Cultural assimilation has long been understood as a one-way process: immigrants and their kin gradually adopt the cultural values of their host society and shed their own. In countries such as the U.S., where white people are the demographic majority, scholars see assimilation as valuing whiteness and the norms and practices associated with it.

Tomás R. Jiménez and Adam L. Horowitz critique this framing in their recently published qualitative study. Their research examines how immigrant origin populations (immigrants and their kin) impact traditional understandings of ethnoracial hierarchy in the U.S. Based off of fieldwork and interviews conducted in affluent city of Cupertino, CA, Jiménez and Horowitz’s research explores how the traditional bond between ethnicity/race and achievement is contested by the Asian American immigrant community in the Silicon Valley. Where highly educated Asian American and immigrant families are the clear majority, the authors maintain that whiteness does not have the social cache it does in other parts of the country. Rather, in this community, whiteness widely embodies “lower-achievement, laziness, and academic mediocrity.”
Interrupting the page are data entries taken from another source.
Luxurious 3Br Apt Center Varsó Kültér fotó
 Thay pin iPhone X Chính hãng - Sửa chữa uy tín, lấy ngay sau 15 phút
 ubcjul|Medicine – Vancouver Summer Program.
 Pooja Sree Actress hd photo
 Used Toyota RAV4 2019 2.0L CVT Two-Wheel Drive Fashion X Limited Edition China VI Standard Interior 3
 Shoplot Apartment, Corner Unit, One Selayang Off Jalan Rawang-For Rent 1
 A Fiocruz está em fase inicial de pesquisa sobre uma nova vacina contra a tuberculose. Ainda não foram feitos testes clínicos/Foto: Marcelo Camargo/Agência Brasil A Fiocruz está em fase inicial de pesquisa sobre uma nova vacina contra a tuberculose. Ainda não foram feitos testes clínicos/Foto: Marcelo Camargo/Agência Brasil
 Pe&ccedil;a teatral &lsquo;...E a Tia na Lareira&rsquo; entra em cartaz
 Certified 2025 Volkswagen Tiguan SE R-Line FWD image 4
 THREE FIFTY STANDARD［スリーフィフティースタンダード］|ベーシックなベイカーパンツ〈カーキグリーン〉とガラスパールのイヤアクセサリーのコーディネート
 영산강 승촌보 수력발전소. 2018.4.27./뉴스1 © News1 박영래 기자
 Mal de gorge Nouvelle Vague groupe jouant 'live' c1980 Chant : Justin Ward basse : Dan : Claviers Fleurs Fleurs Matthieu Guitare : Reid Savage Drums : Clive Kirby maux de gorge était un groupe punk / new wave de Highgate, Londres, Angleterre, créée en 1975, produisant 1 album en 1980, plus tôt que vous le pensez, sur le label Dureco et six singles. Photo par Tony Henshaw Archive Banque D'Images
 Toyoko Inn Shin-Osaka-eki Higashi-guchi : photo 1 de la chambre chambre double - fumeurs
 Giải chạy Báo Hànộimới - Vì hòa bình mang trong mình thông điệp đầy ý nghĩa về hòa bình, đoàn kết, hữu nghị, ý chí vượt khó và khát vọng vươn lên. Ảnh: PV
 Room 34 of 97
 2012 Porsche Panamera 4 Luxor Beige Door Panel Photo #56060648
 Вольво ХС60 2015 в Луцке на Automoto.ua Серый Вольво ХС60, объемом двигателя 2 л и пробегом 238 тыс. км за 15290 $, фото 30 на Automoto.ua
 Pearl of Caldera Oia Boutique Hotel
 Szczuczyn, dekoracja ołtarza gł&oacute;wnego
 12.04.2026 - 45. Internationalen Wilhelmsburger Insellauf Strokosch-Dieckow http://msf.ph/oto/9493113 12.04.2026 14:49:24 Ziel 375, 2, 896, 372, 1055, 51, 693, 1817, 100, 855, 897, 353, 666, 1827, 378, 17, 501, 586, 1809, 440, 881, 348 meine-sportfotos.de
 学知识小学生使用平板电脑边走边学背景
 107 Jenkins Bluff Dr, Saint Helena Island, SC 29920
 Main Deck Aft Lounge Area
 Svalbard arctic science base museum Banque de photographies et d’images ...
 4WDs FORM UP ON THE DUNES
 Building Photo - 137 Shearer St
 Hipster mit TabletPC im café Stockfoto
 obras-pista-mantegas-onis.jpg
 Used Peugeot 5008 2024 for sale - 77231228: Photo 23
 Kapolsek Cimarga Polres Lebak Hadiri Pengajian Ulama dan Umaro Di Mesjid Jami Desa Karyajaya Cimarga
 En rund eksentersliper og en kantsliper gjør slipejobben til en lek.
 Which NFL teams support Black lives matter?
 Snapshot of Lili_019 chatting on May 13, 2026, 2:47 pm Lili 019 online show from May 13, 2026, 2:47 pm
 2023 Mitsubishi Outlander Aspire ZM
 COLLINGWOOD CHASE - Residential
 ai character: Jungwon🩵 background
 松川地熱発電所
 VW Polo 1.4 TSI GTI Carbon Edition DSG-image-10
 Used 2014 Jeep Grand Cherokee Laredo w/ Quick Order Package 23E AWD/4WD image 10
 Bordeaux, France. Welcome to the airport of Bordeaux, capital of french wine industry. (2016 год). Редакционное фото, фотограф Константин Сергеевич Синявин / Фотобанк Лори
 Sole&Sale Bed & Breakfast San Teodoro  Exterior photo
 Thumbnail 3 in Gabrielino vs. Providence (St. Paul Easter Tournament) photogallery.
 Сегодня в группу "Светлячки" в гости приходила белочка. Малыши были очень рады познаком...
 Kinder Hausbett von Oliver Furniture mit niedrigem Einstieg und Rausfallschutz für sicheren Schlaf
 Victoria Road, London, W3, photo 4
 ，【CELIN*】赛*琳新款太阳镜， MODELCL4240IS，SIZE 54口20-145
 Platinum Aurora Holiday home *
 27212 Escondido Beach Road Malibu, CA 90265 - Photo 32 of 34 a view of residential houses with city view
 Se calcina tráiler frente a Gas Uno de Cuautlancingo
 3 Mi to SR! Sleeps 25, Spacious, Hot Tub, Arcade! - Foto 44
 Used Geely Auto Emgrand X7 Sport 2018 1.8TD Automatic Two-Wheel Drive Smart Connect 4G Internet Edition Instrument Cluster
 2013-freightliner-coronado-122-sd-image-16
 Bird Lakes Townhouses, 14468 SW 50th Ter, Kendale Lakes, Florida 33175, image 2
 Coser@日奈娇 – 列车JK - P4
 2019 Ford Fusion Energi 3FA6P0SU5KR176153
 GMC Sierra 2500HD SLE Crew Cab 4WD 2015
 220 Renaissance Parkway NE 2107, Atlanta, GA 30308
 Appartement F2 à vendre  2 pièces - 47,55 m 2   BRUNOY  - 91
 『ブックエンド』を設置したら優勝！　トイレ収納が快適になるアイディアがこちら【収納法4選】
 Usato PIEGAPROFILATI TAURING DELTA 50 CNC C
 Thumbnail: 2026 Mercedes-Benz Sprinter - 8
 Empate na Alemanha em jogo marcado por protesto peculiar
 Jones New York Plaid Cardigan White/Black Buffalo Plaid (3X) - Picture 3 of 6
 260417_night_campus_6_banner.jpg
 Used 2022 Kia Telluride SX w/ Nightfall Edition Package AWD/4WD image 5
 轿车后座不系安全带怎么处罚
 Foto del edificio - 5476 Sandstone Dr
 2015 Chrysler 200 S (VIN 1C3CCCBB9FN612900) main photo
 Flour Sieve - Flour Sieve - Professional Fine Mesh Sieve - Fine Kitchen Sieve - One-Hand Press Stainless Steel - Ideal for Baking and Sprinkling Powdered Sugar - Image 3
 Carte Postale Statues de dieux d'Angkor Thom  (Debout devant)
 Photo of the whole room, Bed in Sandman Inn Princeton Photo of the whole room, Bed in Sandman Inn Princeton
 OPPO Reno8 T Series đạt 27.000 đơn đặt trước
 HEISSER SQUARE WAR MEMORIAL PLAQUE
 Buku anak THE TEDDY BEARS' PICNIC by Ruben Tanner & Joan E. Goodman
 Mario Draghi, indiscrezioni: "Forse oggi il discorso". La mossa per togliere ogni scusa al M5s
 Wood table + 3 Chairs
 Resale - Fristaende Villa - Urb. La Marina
Jiménez and Horowitz believe their study provides support for the notion that assimilation is a multidirectional process. Immigrant groups in the U.S. can restructure social norms not only for themselves, but also for third-plus generation Americans. In short, immigrants are influencers of the society as much as they are the influenced. Though the findings in this rather unique case study raise additional questions about the future of race relations across a diverse American landscape, they do provide an example of how even long-established norms are constantly challenged.